(EXCERPTED RECORDS)
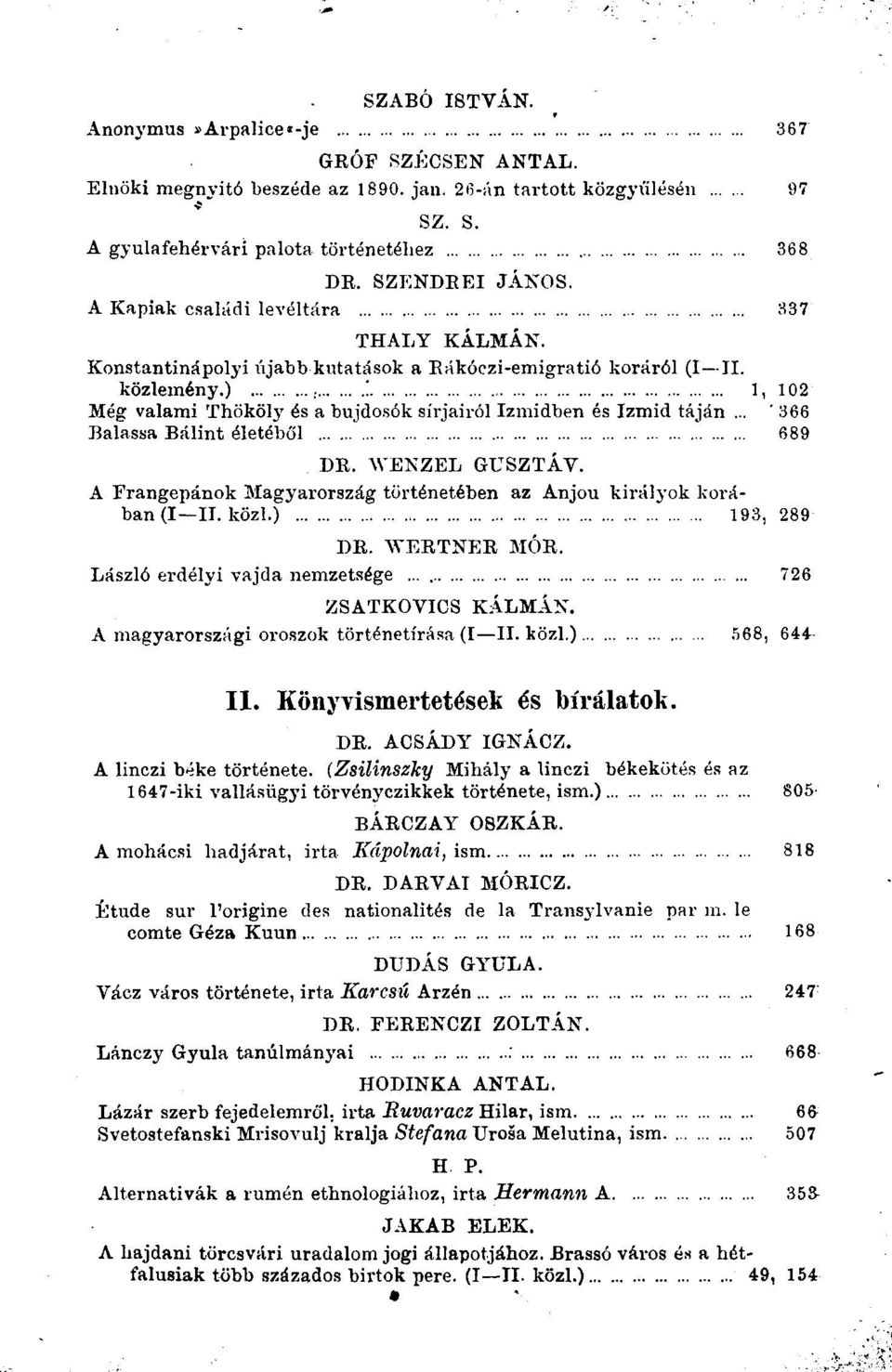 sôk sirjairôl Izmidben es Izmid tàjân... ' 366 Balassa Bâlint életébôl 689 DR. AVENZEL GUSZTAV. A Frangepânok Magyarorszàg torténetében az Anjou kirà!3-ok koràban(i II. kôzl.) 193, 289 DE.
* * *
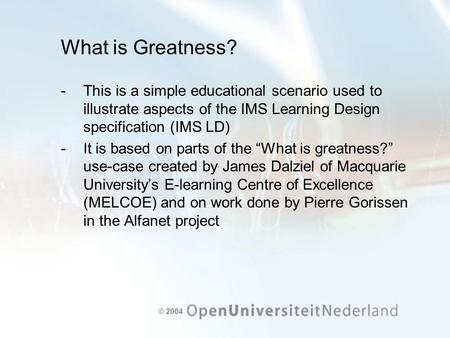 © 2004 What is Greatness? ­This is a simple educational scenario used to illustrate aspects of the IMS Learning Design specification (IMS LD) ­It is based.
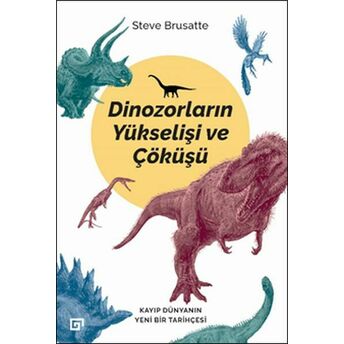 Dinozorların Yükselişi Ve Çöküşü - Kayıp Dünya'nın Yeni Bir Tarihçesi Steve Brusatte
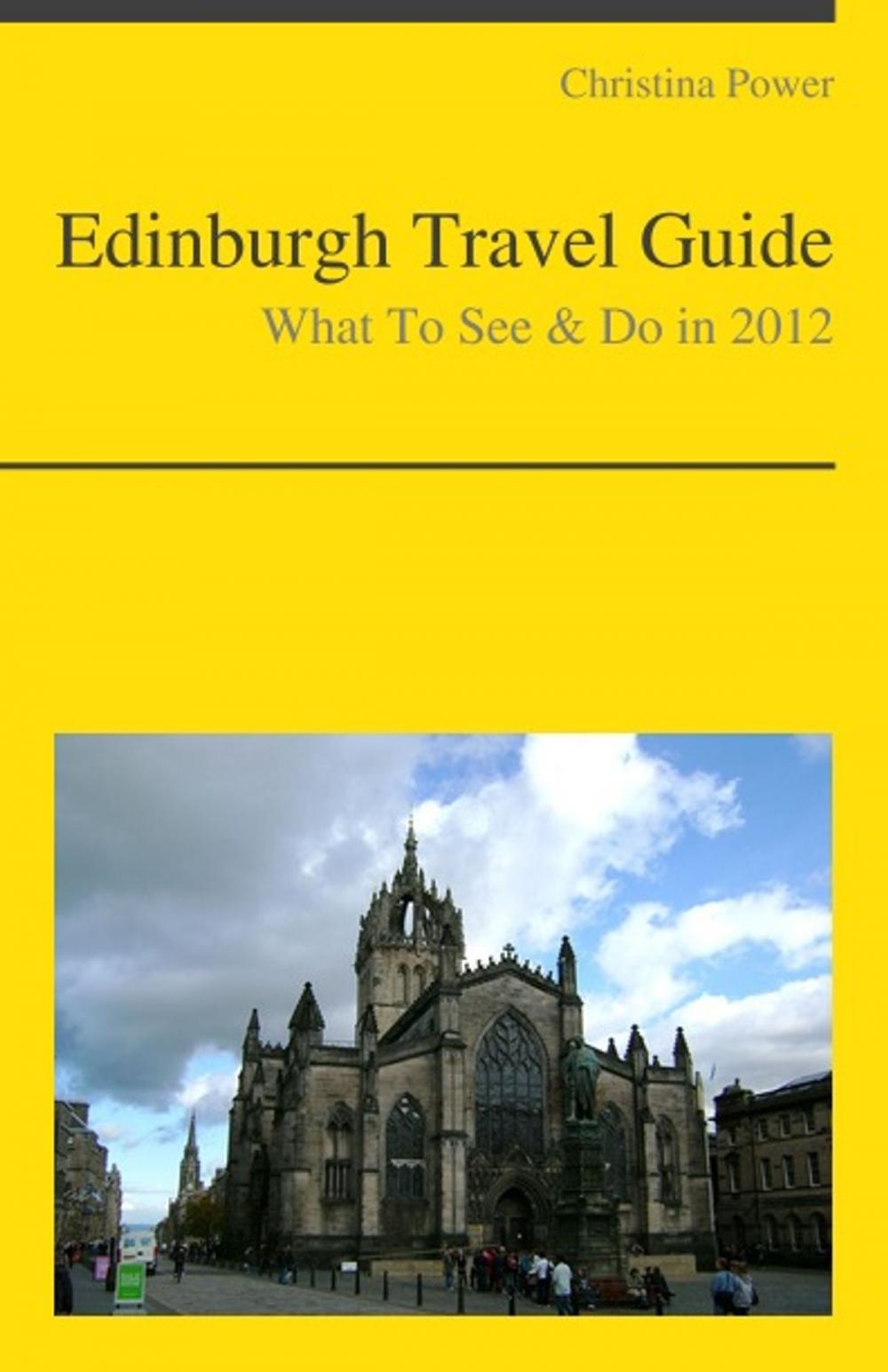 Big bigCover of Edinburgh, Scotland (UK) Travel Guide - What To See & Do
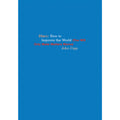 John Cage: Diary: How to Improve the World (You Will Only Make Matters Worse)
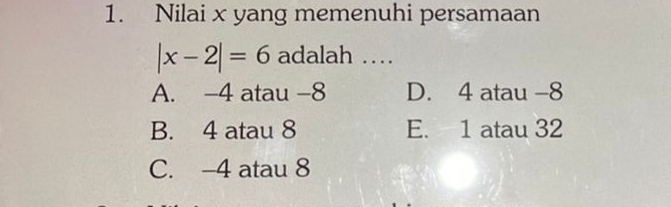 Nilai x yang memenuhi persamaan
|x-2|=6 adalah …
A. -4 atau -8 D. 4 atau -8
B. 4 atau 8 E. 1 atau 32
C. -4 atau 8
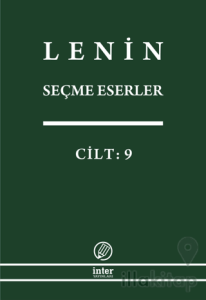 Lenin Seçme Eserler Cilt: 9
--
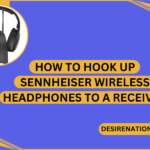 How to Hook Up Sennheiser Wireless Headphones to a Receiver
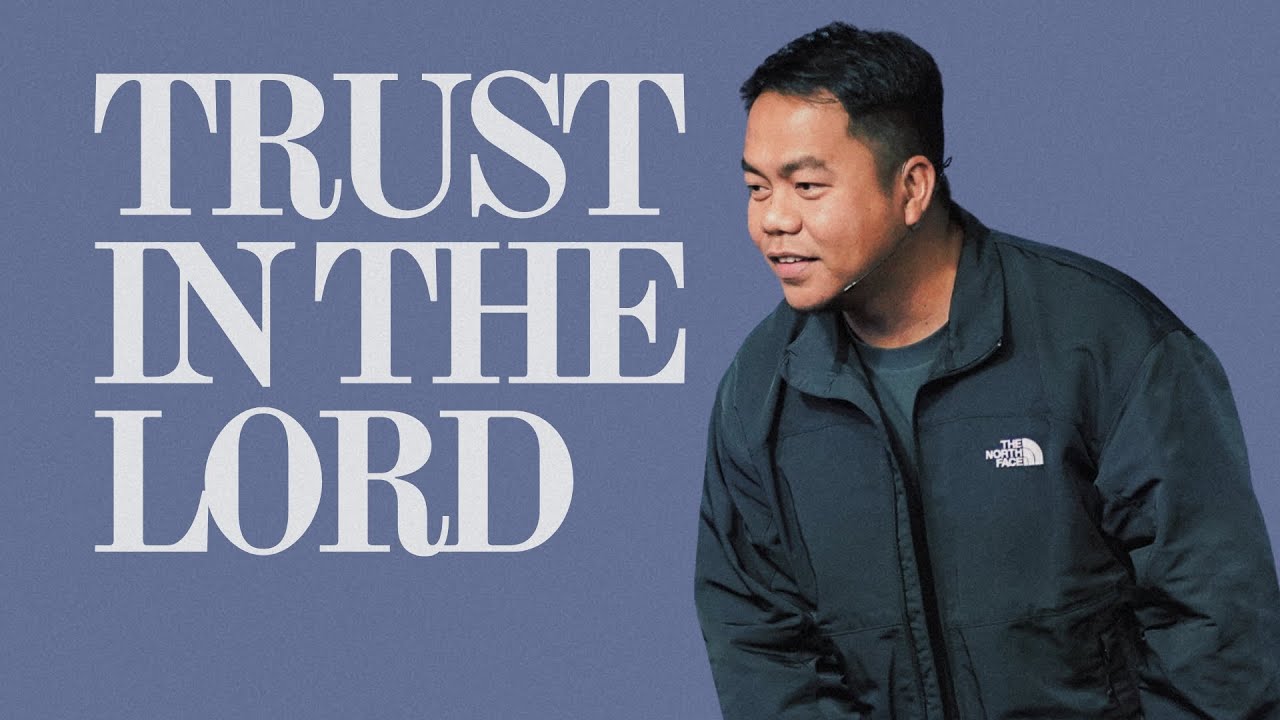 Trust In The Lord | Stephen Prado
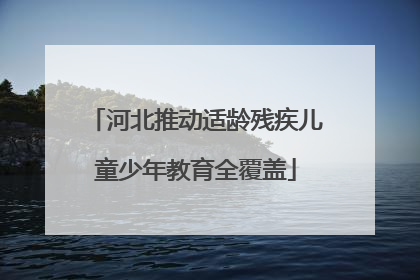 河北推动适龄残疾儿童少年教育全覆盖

(INSTRUCTIONS FOR THE TASK)
Using the records above, print exactly the run of lines that starts with the line with "B. 4 atau 8 E. 1 atau 32" and goes on through the line with "Lenin Seçme Eserler Cilt: 9", pictures excluded.

(TASK ANSWER)
B. 4 atau 8 E. 1 atau 32
C. -4 atau 8
 Lenin Seçme Eserler Cilt: 9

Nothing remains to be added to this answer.